[Aim of the exercise]: Output the data below exactly as it is, dropping the pictures from your copy.
::: Data shown
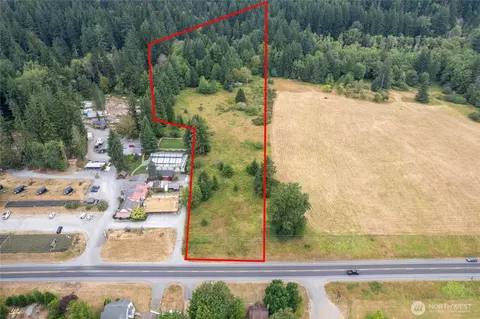 31818 Mount Tahoma Canyon Rd, Ashford, WA 98304
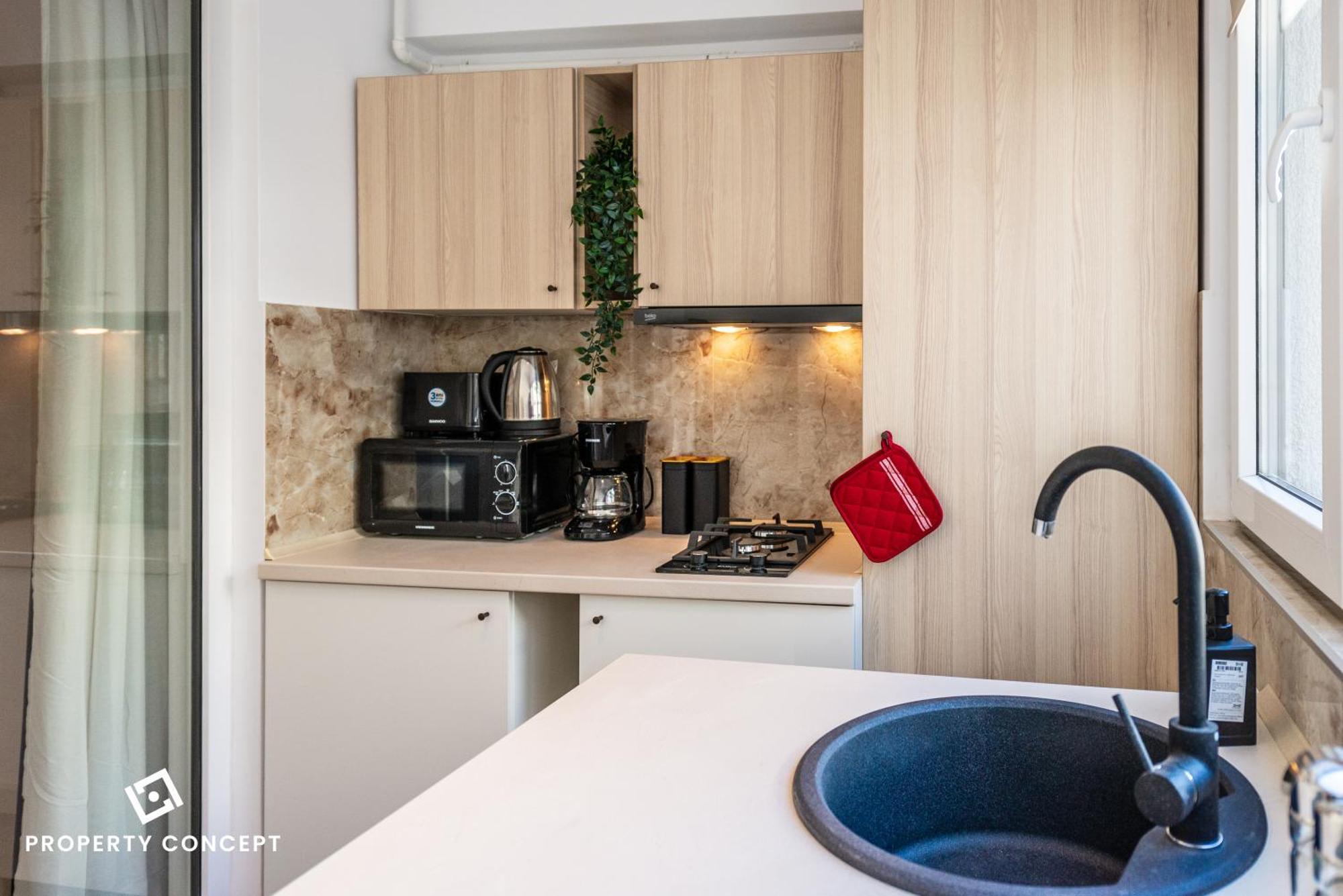 Central Residence Apartment 1012 Bucharest Luaran gambar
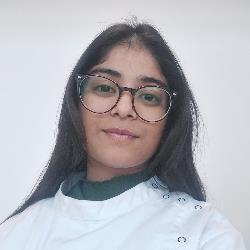 Sanskriti Saini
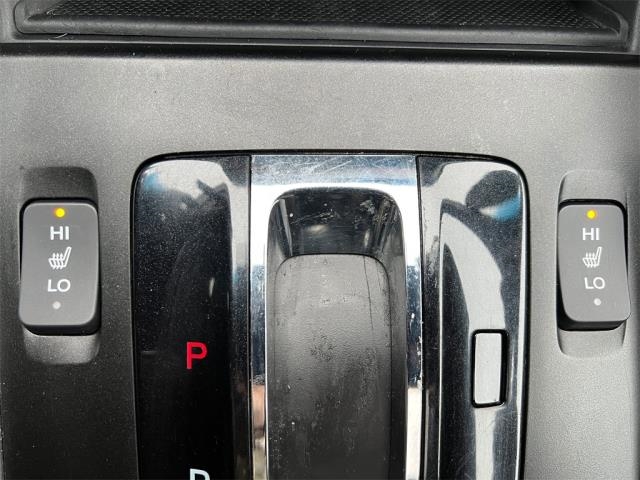 2014 Honda Accord EX-L FWD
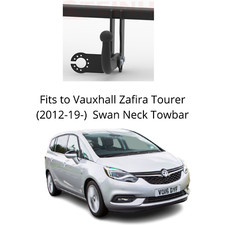 Tow Bar For Vauxhall Zafira
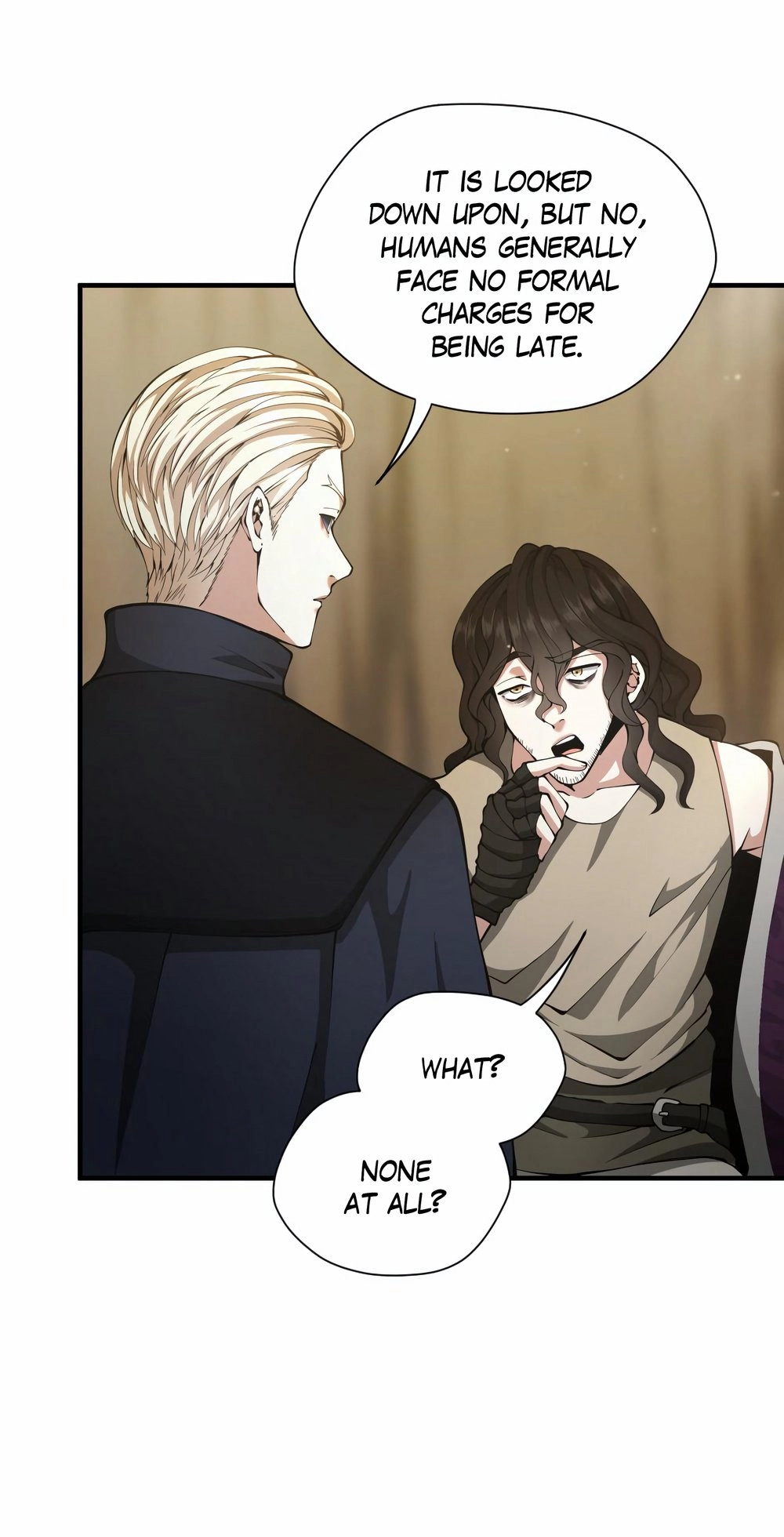 The Beginning After the End Chapter 161 - Page 13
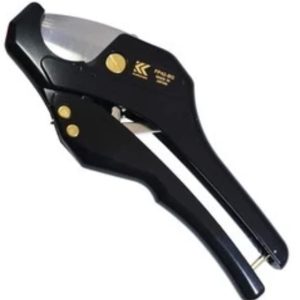 黑手專賣 含稅 FUJIYA 黑金系列 水管鉗 水管切割器 PVC FP42-BG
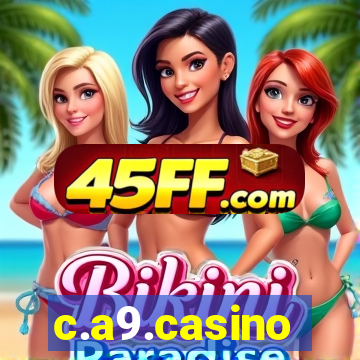 c.a9.casino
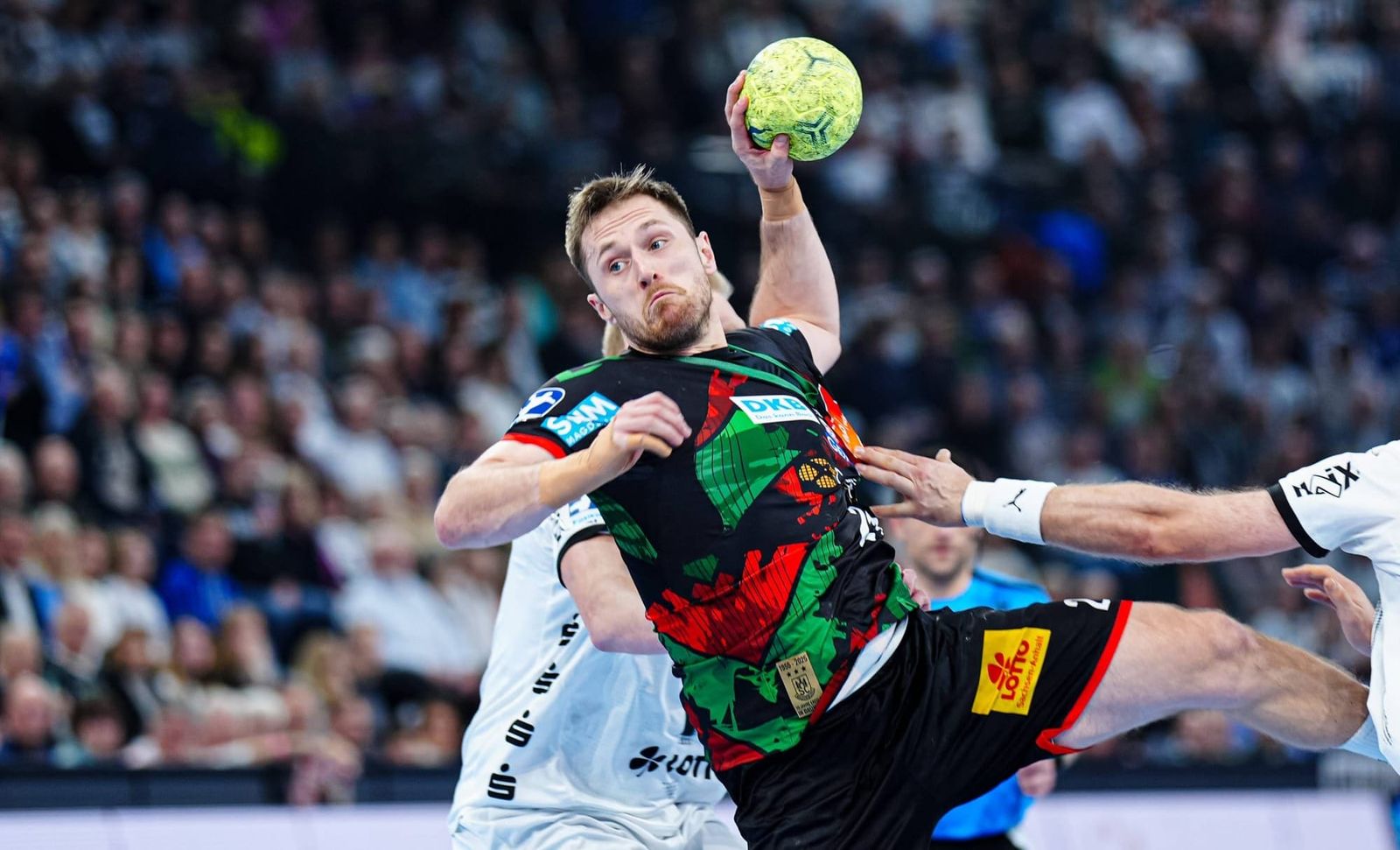 Dyn TV-Tipp: Spitzenreiter Melsungen zu Gast in Magdeburg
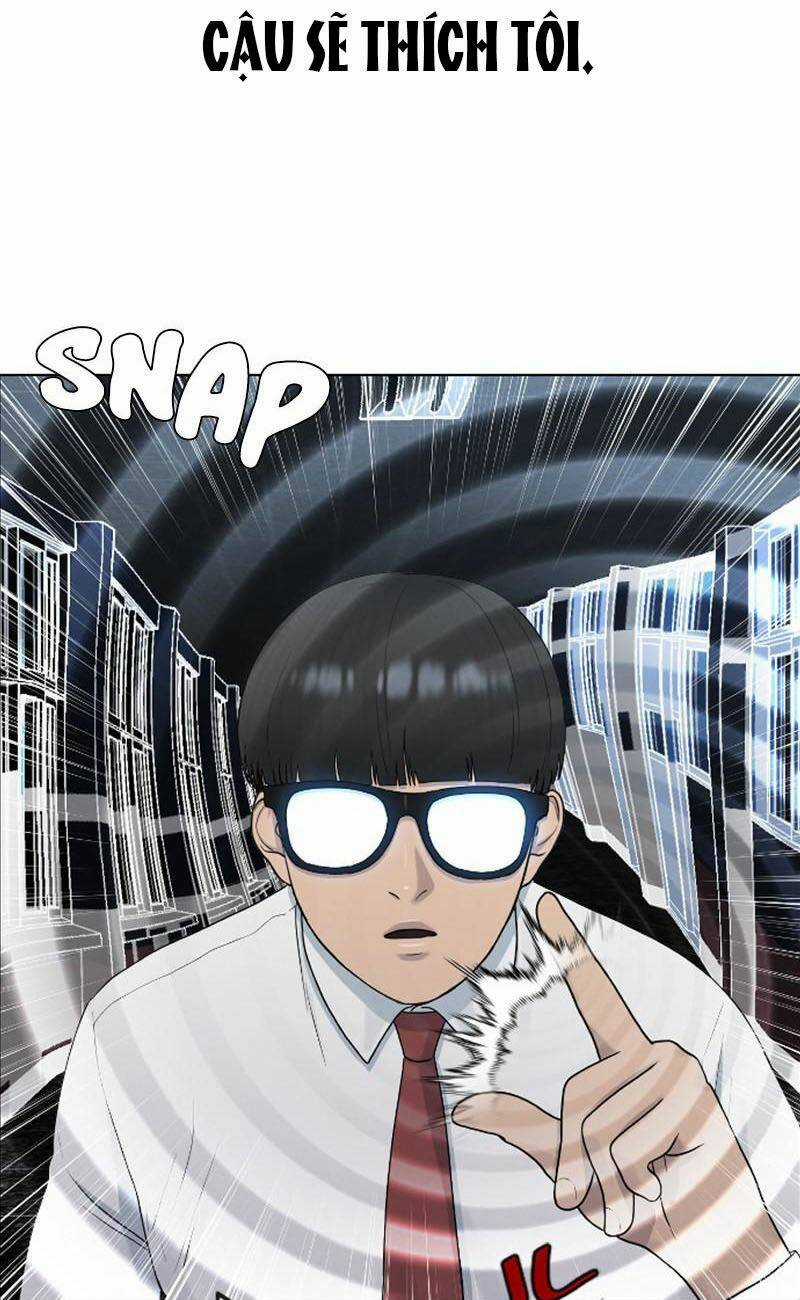 Trường Học Thôi Miên Chapter 41 trang 46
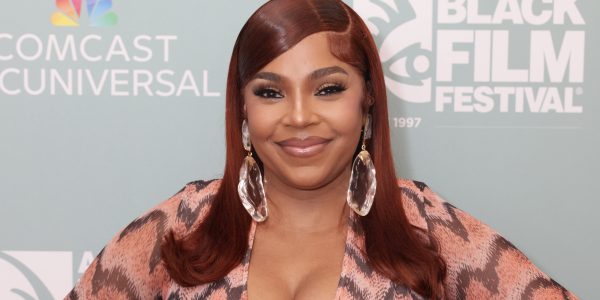 Come Thru! Ashanti Pens Loving Message For Nelly While Sharing Stunning Photos From Her 45th Birthday Party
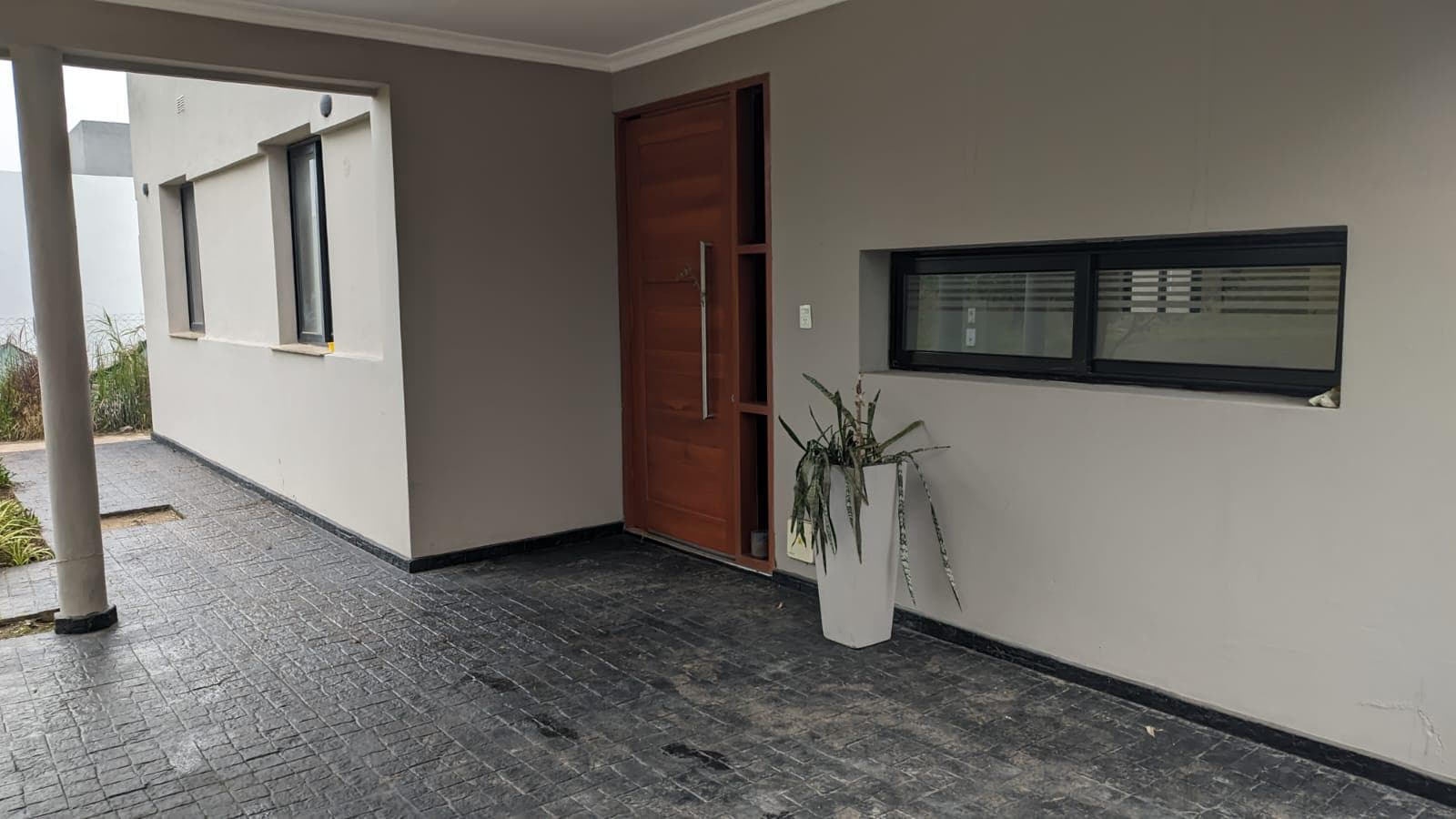 Casa en venta Country La Reserva I - 1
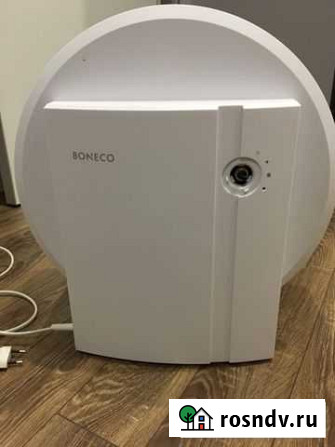 Продам увлажнитель boneco W1355A Пермь - изображение 1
::::::
[Reply to the exercise]:
 31818 Mount Tahoma Canyon Rd, Ashford, WA 98304
 Central Residence Apartment 1012 Bucharest Luaran gambar
 Sanskriti Saini
 2014 Honda Accord EX-L FWD
 Tow Bar For Vauxhall Zafira
 The Beginning After the End Chapter 161 - Page 13
 黑手專賣 含稅 FUJIYA 黑金系列 水管鉗 水管切割器 PVC FP42-BG
 c.a9.casino
 Dyn TV-Tipp: Spitzenreiter Melsungen zu Gast in Magdeburg
 Trường Học Thôi Miên Chapter 41 trang 46
 Come Thru! Ashanti Pens Loving Message For Nelly While Sharing Stunning Photos From Her 45th Birthday Party
 Casa en venta Country La Reserva I - 1
 Продам увлажнитель boneco W1355A Пермь - изображение 1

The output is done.